My previous post is an article I co-wrote with Jim Hendler in which I argue that the Russia-Georgia spat wasn't really much of a cyber-war. It was, however, an a sophisticated information war. Not in the sense that information systems were crucial, or disrupted. But the Russia carried out their operation at a crucial time in which the United States had limited capabilities to process the information and develop a response.
In traditional warfare, enemies seek to find weak points in opponents defenses and positions. This occurs primarily in space, although time is important as well. As the ability to collect and process information expands, issues of time matter more and more.
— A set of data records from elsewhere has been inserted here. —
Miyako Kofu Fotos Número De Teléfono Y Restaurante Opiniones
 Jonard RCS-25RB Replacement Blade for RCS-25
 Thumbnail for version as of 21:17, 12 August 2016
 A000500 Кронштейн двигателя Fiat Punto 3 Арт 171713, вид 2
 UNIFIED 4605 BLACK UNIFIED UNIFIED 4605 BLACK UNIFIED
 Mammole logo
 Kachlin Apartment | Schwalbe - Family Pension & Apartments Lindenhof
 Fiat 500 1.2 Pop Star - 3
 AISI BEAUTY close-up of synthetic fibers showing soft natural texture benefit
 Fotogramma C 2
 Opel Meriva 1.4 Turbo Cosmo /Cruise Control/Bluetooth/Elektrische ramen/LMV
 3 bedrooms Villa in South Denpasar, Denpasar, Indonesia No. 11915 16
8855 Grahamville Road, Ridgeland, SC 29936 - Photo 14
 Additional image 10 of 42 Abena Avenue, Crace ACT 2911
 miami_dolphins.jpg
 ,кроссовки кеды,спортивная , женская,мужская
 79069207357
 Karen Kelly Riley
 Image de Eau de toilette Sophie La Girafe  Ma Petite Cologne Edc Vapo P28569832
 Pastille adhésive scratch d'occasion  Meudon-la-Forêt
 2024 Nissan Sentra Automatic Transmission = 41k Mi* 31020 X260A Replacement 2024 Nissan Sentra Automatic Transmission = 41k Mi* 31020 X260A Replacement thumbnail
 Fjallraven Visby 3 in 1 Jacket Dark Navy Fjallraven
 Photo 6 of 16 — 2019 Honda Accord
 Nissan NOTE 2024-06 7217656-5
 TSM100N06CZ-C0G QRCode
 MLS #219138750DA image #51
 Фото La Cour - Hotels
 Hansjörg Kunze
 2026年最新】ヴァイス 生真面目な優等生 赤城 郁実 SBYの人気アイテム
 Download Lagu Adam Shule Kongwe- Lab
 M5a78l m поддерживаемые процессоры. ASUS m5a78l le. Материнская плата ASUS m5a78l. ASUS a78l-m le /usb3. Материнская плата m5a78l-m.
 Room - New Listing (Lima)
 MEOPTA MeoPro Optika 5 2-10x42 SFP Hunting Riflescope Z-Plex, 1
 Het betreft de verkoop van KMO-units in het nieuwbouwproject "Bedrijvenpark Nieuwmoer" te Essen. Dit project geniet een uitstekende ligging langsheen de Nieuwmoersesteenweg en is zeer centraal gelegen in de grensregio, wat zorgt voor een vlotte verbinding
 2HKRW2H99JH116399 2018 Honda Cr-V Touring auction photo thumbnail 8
In this case, the Russians struck in the waning days of a Presidency. Regardless of its own failings, no administration has much political capital in its last few months in office. Key personnel have left or are considering their individual exit strategies. This was compounded by carrying out the attack during the Olympics - when the world's attention (and many leaders) were elsewhere.
There was a recent precedent for Russia's use of the American presidential election/transition process. In October 2000 al-Qaeda struck the U.S.S. Cole in the Aden harbor. Although President Clinton told the 911 Commission that his administration's limited time left in office was not a factor in preventing the administration from retaliating - it seems intuitively unlikely that this had no impact. Regardless, the change in administrations did disrupt the development of a coherent policy.
As world affairs become more complex and proceed at a faster pace, these kinds of weaknesses in time and in the decision-making process will loom larger and become more important components in strategic and operational planning.